How do web crawlers work?
Web crawlers, also called spiders, crawl bots, or search engine crawlers, work by following the links between sites and indexing them. Indexing is a fancy word for “remembering” and the crawling process involves a bot arriving on your site, remembering all the copy (i.e. written words) and the links between the pages, as well as things like meta tags, photo description tags and alt tags (which are used to help screen readers, used by the visually impaired). Then, once the bot has completed the crawl and index process, it pops back to whatever search engine it came from and relays the information, then it goes out and crawls another site.
Web Crawlers Collect Data & Impact SEO
Web crawlers are one of the tools used by Google (and other search engines like Bing, Baidu, or Yandex) to determine the SEO rank of a given web page. To get that coveted #1 spot in the search rankings, the creepy crawlies need to be able to easily parse your site and identify what information is most important (like the links coming to and from the page, the H1 and H2 headers, and the meta tags).
We’ll briefly explain how those various SEO elements work here, but if you want a more in-depth answer to your SEO questions, read our article about on-page SEO.
Crawl bots use the way the words are arranged on a web page to determine what is most important. In most cases, that refers to the main heading, the H1, and the most prominent subheadings, the H2s, and occasionally H3s. If it helps, think about H1s like the headline of a news article, while the H2 is the most important sentence and an H3 is the caption of the photo.

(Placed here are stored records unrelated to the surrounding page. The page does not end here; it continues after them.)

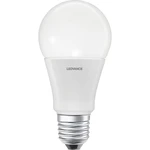 LEDVANCE SMART + En.trieda 2021: F (A - G) SMART+ WiFi Classic Dimmable 75 9.5 W/2700K E27  E27  teplá biela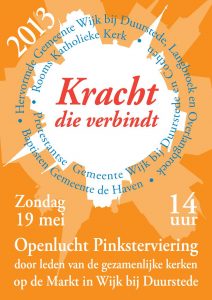 poster-2013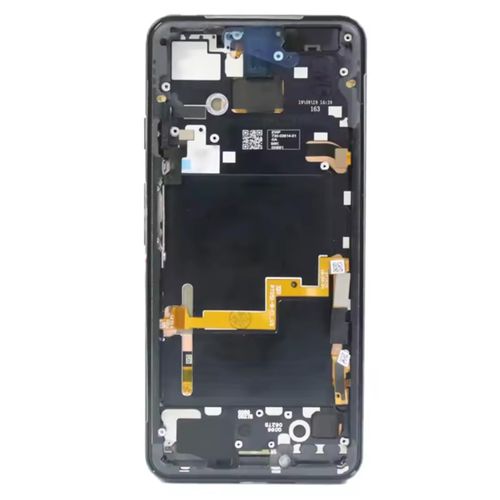 Generic Google Pixel 3 Touchscreen - image 6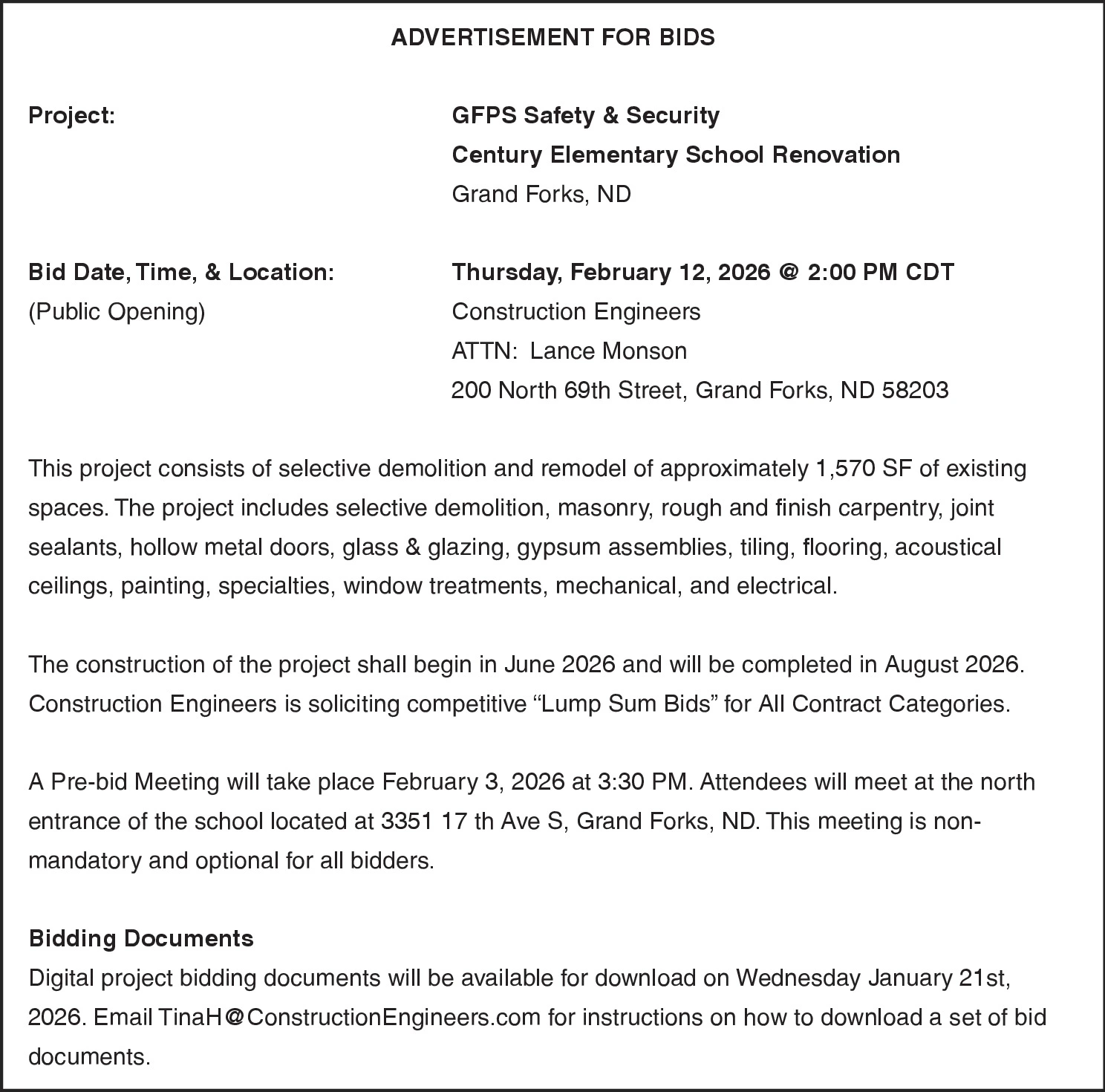 Ad promo image large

Metadata is the other way the bots determine what is important on a given page. You can use the meta tags to identify items and pages of significance. Metadata is the description of a page or a certain section of content, and there are a few things you can do to make your meta-tags the best they can be. Be brief, descriptive, informative, and accurate with your meta tags, and the bots (and your SEO rankings) will be happy.
Why Links Are So Important For SEO & Web Crawlers
The entire internet is a massive; unknowable thing with a nearly unlimited number of websites and pages on it. A crawler doesn’t have time to access every page, and in fact many web pages (between 20-30 percent depending on who gives the statistic) are so-called “Dark Web” pages that are not accessible or connected to the regular internet that most people know and use. Besides those exceptions, links between sites are how the crawlers find your web page.

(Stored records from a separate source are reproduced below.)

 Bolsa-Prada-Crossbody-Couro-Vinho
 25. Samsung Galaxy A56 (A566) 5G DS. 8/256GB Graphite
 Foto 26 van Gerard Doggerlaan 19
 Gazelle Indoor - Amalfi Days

Crawl bots start with what is called a seed; a known list of accessible websites (like BBC News, Google.com, Wikipedia, etc.). From these seed sites, the bot crawls along the links to the other sites, indexes those, and repeats the process. This is how the known web works, and why links are so important: if your page isn’t linked to by many reputable “seed” sites, the crawl bots will lean towards ranking you less highly. Being linked to frequently by authoritative sites, or being an authority yourself, is a great way to scream to the top of the rankings. To help you get there, check out our list of SEO maintenance tasks you can implement right now.
If you’re worried about your site not being connected to anything at all, you can submit a sitemap.xml page to Google, or a crawl request, so that they know you exist and the bots will start including you in the regular crawls they do. This is a good habit to be in, because doing this will also let Google know that you want your site to be crawled, which means they’ll tell you if there’s an error with your robots.txt or something else.

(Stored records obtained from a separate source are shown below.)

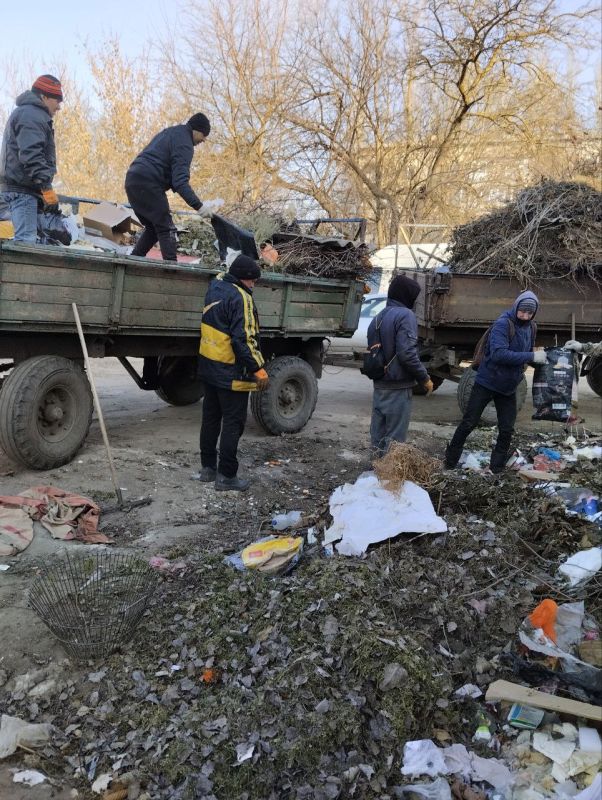 �������� ������ � ���������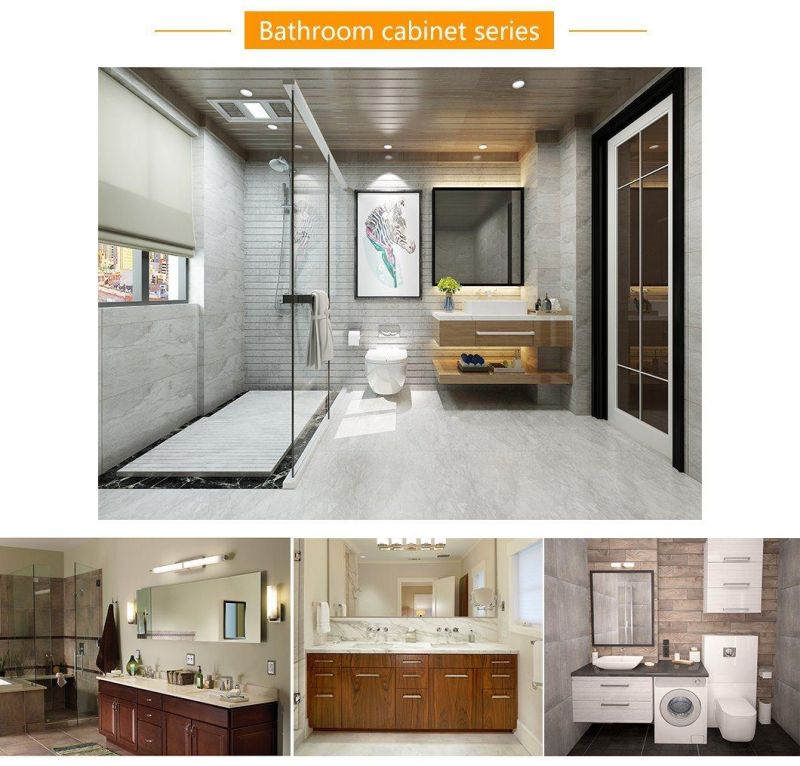 Various Environmental Navy Aluminum Kitchen Cabinets with Many Kitchen Styles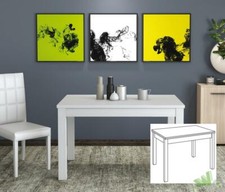 KIT TAVOLO ALLUNGABILE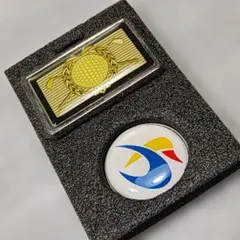 Item thumbnail for item 1b35d472-0c76-4f6f-a920-4863232759e6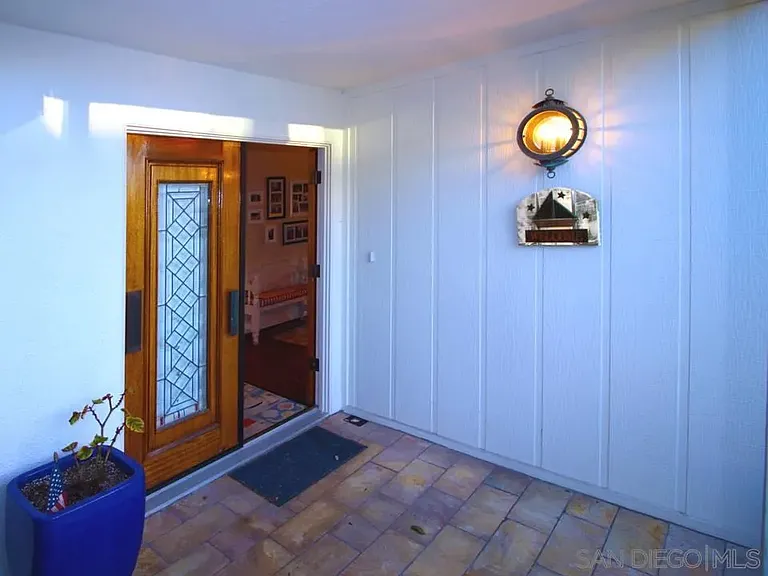 45 Antigua Ct — Photo 19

A Common Web Crawler Mistake: Misusing Robots.txt
Before a spider crawls your web page, it politely asks permission. It does this by querying the robots.txt page and seeing if you have given it permission to crawl the site or not. A good bot (like one of the ones used by the major search engines) will listen to the instructions on the robots.txt page. A naughty one will do whatever it wants, scrape and steal content, and be a nuisance; and we’ll talk about how to deal with that in another article.
The problem comes when you have a page you want to be crawled which is telling the spiders to buzz off. This can result in your search ranking declining and your sales dropping. Google has a convenient, free tool you can use to check if your robots.txt page is working as intended.
Wrapping things up
Spiders are our friends, and just like our human visitors, we have to be conscious and empathetic towards them when working on web properties. The best websites optimize for humans and robots, allowing for a great user and crawlability experience end to end. Now that you’re equipped with this knowledge, go out there and make something great!